[Task objective]
Everything in the data gets repeated exactly, except for the pictures.

[Data below]
___
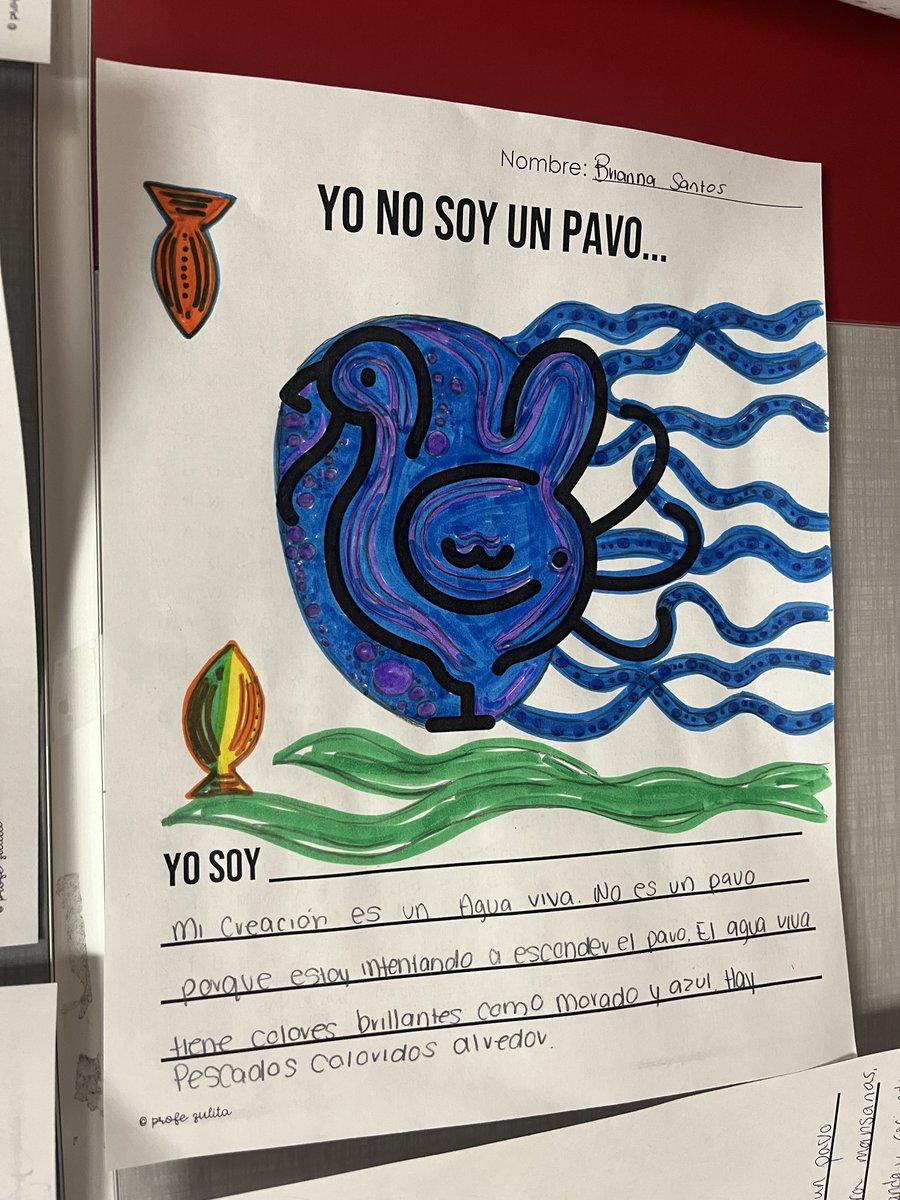 Elisabeth13's tweet image. Spanish classes @Terry_Rangers had great fun disguising their turkeys so they don&apos;t get eaten!  These kids are so creative and artistic - and check out that language production coming from level 1!  🌟😍🦃#langchat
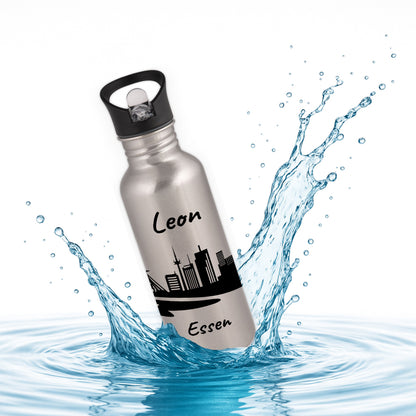 Trinkflasche in Silber 600ml aus Edelstahl bedruckt mit der Skyline von Essen personalisierbar mit Wunschname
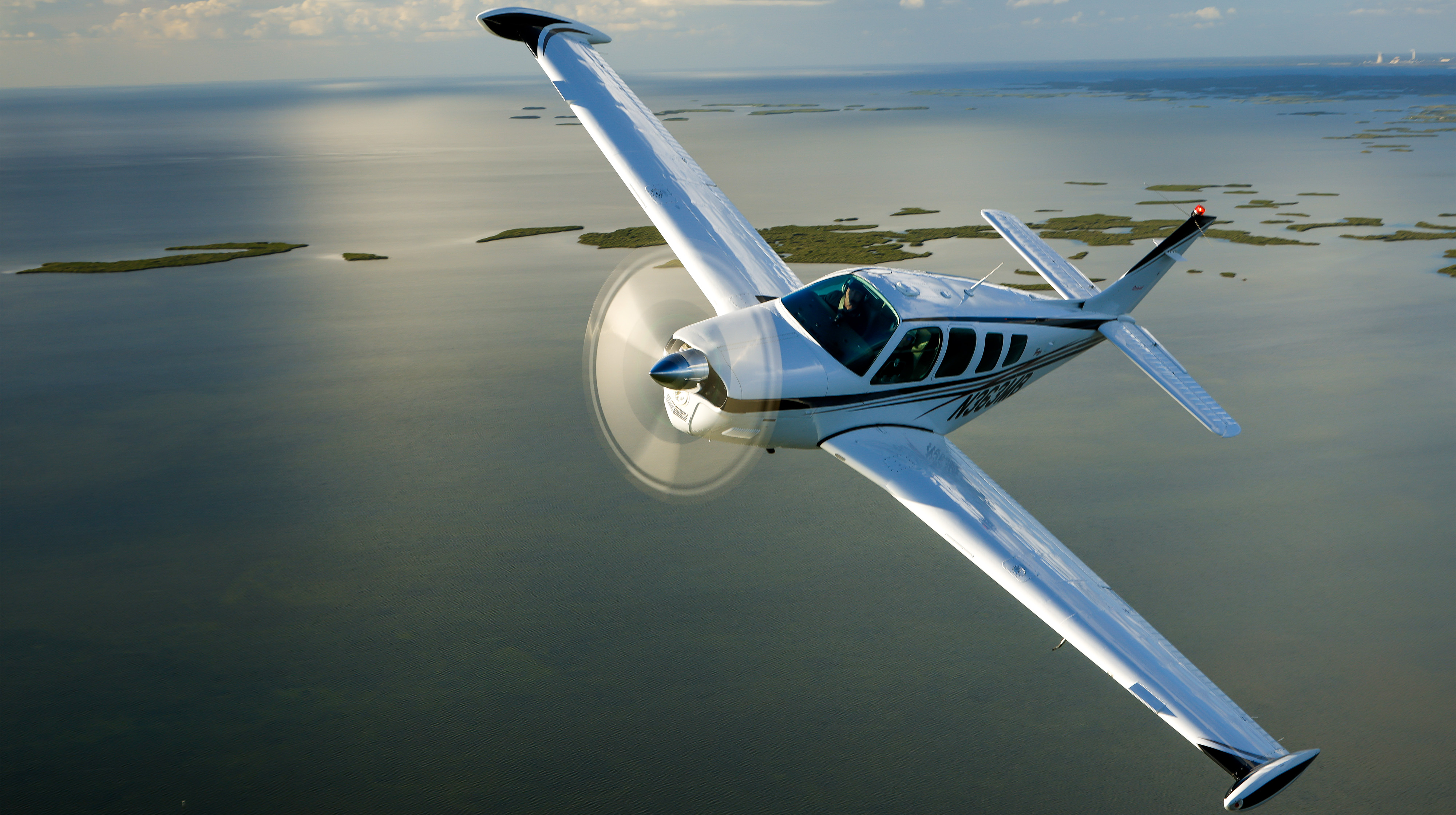 Textron halts Bonanza, Baron lines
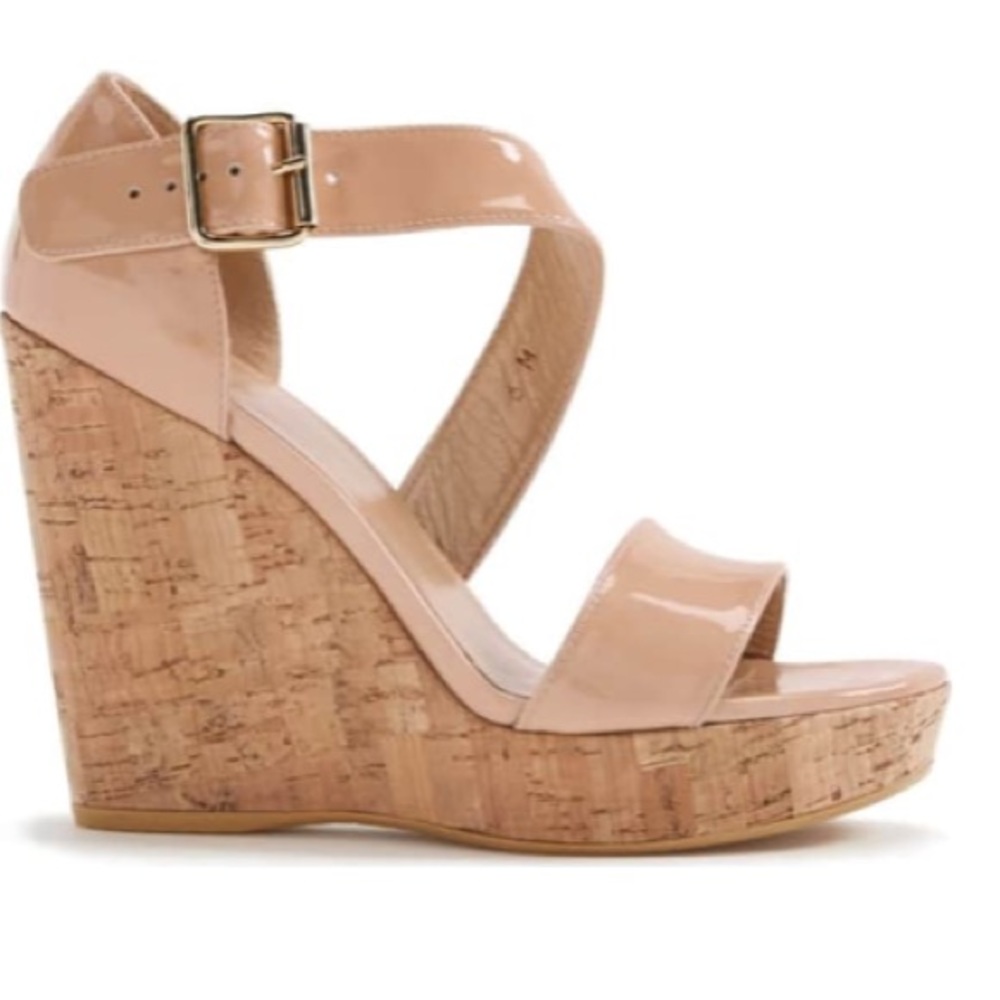 Stuart Weitzman Patent Leather Wedge SZ 7.5 Nude.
___
[Output for this task]
 Elisabeth13's tweet image. Spanish classes @Terry_Rangers had great fun disguising their turkeys so they don&apos;t get eaten!  These kids are so creative and artistic - and check out that language production coming from level 1!  🌟😍🦃#langchat
 Trinkflasche in Silber 600ml aus Edelstahl bedruckt mit der Skyline von Essen personalisierbar mit Wunschname
 Textron halts Bonanza, Baron lines
 Stuart Weitzman Patent Leather Wedge SZ 7.5 Nude.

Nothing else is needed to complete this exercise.